Having someone whose cadence you can imitate also allows the rider to quit thinking about gears/gear ratios and other complex topics, and dumbs it down to monkey see, monkey do. If you’re the one being imitated, it also saves you from the horror of having to explain what gear ratios are, why they matter, and how to use them. My instruction is “Are your legs moving as fast as mine? Yes? You’re in the right gear. No? Change gears.” Being in the right gear maximizes your ability to maneuver and steer, and greatly affects your stability on the bike and therefore safety. If you don’t have someone you can ride with who knows how to pedal, you’re screwed. Sorry.
Even. Good riding is attentive riding, and the one thing that will help your attentiveness more than any other is learning to ride with your front wheel exactly even with the person next to. Expressed as a negative, don’t half-wheel. It takes huge concentration for beginners to ride even wheeled, and combined with close riding quickly teaches you almost everything you need to know about controlling your bike.

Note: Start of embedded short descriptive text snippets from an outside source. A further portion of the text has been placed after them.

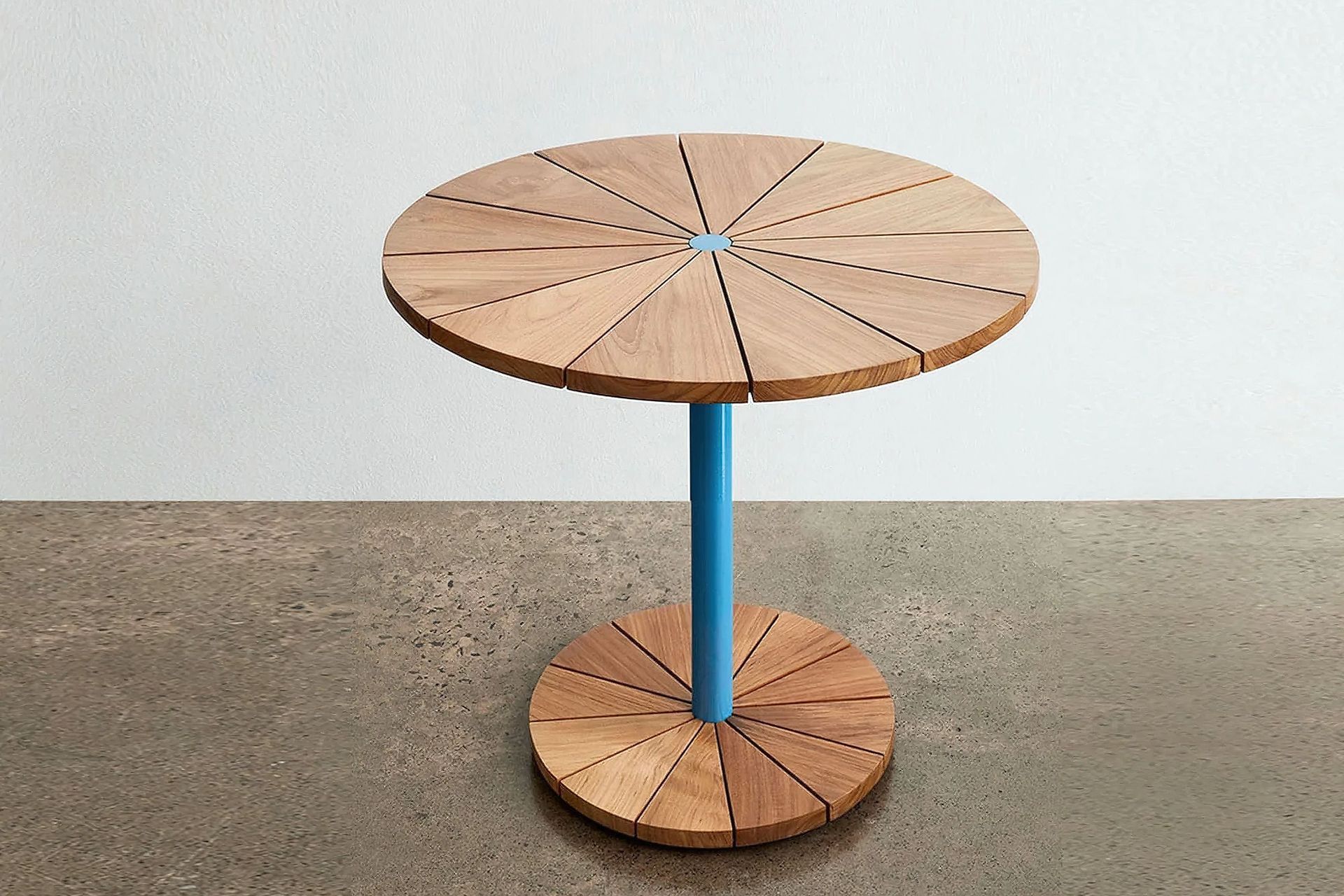 Stylish pedestal coffee tables stand out with their unique design. Featured product: Bob Outdoor Pedestal Coffee Table.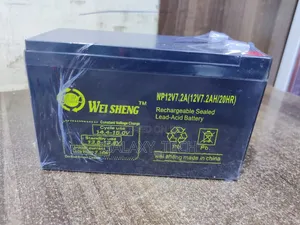 Wei Sheng 12v 7.2ah Battery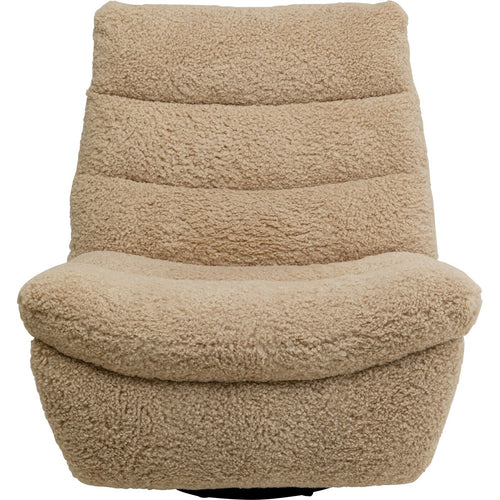 Kare Design Fauteuil Tilda Boucle relax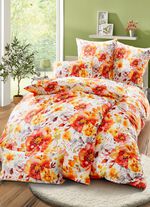 Bettw&auml;sche-Garnitur in Microfaser-Qualit&auml;t 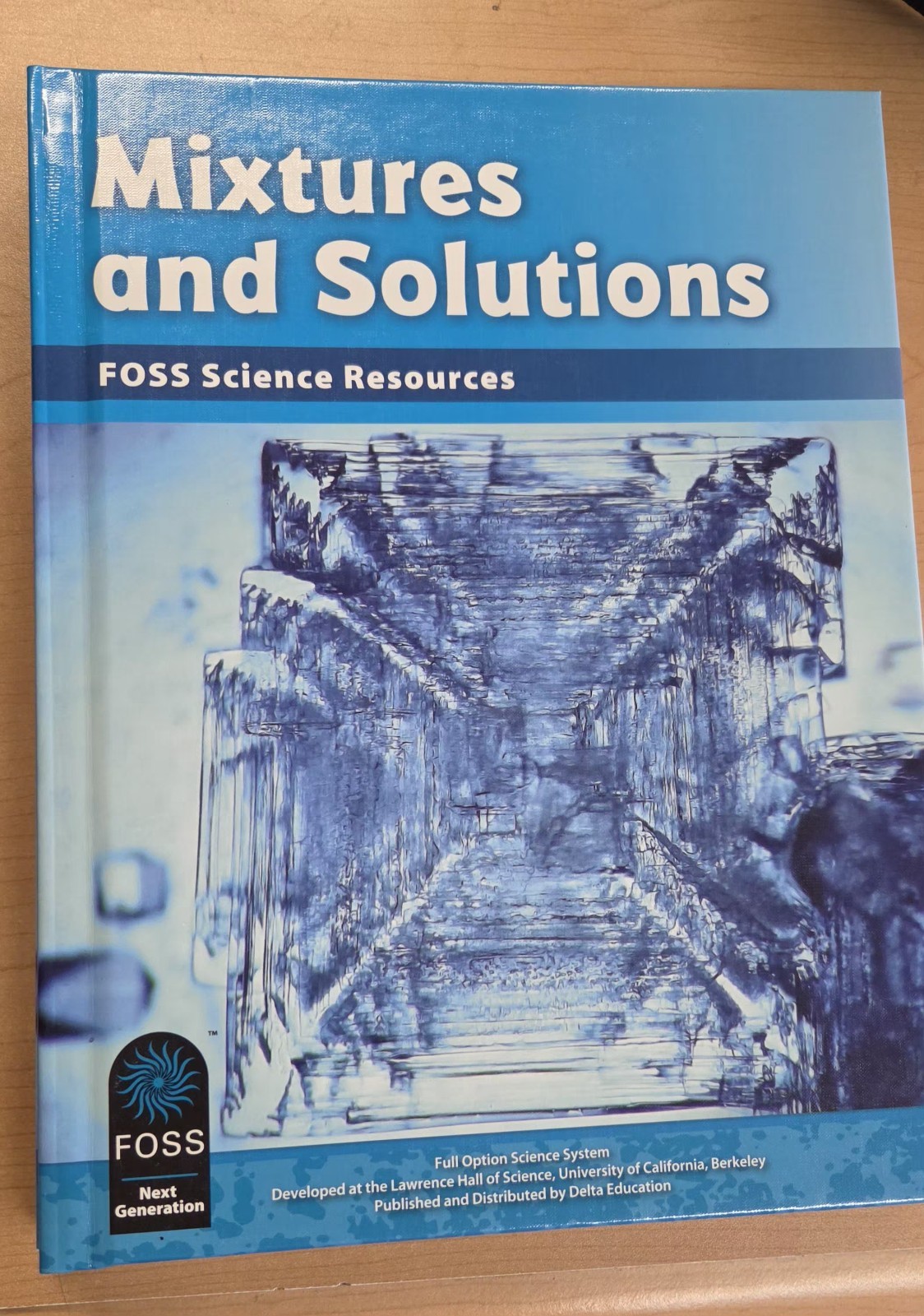 Mixtures and Solutions Teacher Resources and Science Resources FOSS NEW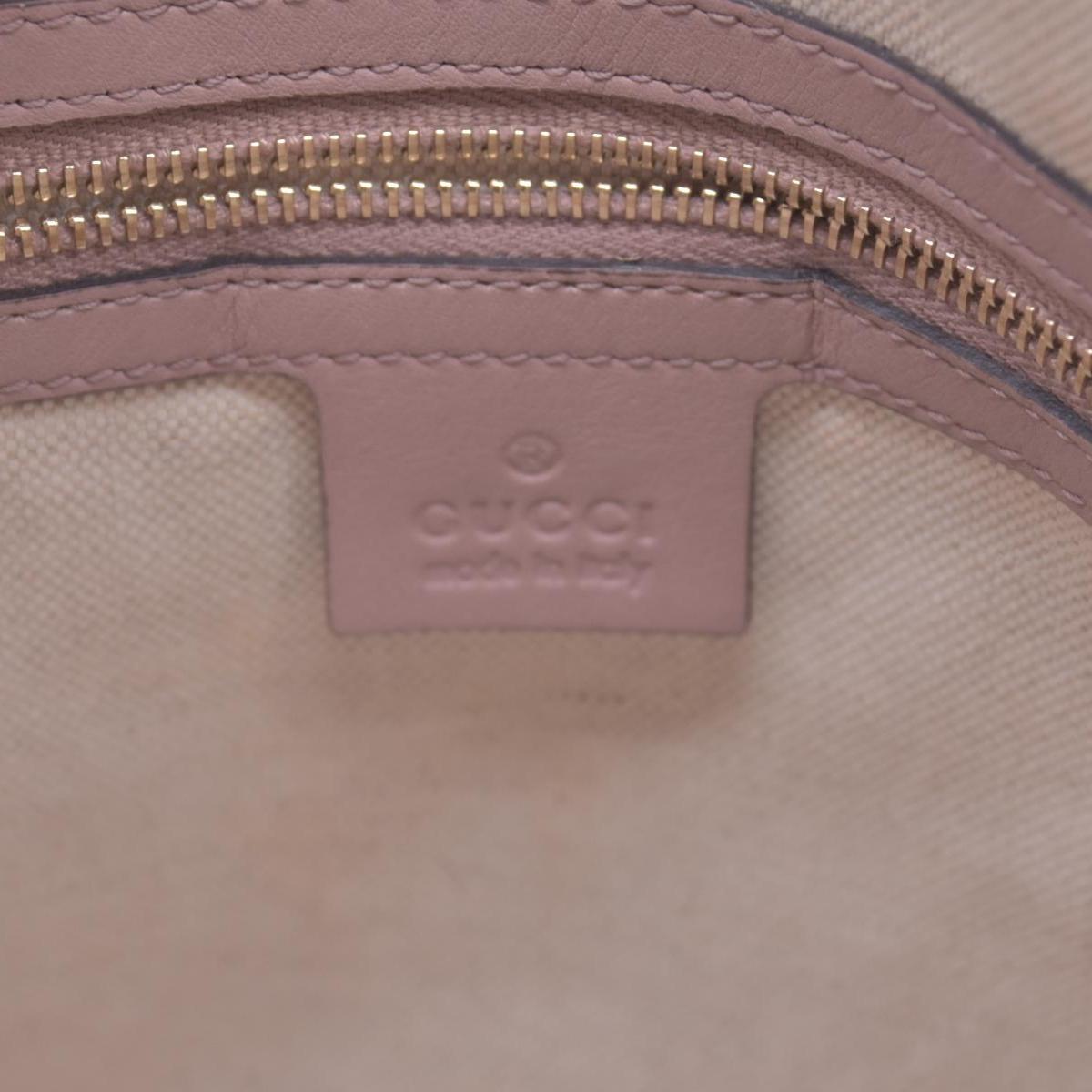 $1350 Gucci Patent Microguccissima Small Nice Top Handle Dome Bag Pink CONSIGNMENT 10021166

The majority of supposedly skilled racers I know are unfamiliar with half-wheeling. For a new cyclist, learning to keep your front wheel even with your partner’s will further straighten you out and keep you from wobbling. In other words, closeness and even wheels make you ride straight. Of course riding in a straight line is calculus for most people who ride; they can’t do it because they don’t know how and because no one has told them, or wants to take the time to be constantly telling them that they are veering around like a boat in a typhoon with a broken rudder.
All together, now!
These combined three things are incredibly simple but take extraordinary concentration to do every moment you’re riding until you get used to it, which is why most people simply can’t do it. When you forget about fun, about convo, about enjoyment, and you focus solely on avoiding death and injury, these three skills work wonders. There are other things as well, but that raises another problem. New riders are overloaded with information, tips, advice, and suggestions. New riders can’t prioritize and don’t know which ones are mission critical (riding close), and which ones are almost but not quite as important (matchy-matchy socks).
Giving a new rider three simple things to master, things which are simple to understand but which take lots of practice, is the best and most important way to teach critical skills without falling into the boiling cauldron of Internet new rider tips. Even if you disagree with these three items (which would make you wrong), solid riding skills are based on mastery of bike control and movement with and around other riders. Although there are many other things that you could also teach, any new rider has his hands absolutely full mastering even a single skill.
In a few short weeks my wife has learned to ride bar-to-bar, ride even-wheeled, and has figured out by slavish imitation what the right cadence for various conditions feels like. I’m still a nega-coach and am actively discouraging new clients, but at the end of the day I want her, and you, to get home safely. After a few years it would also be cool if you enjoyed it, too.
As we leaky prostate racers say at the end of every race when some whippersnapper asks us how we did, the answer is the same for a new rider as it is for a grizzled, sour, wrinkled, sag-bottomed veteran: “If you go home with all the skin you came with, you won.”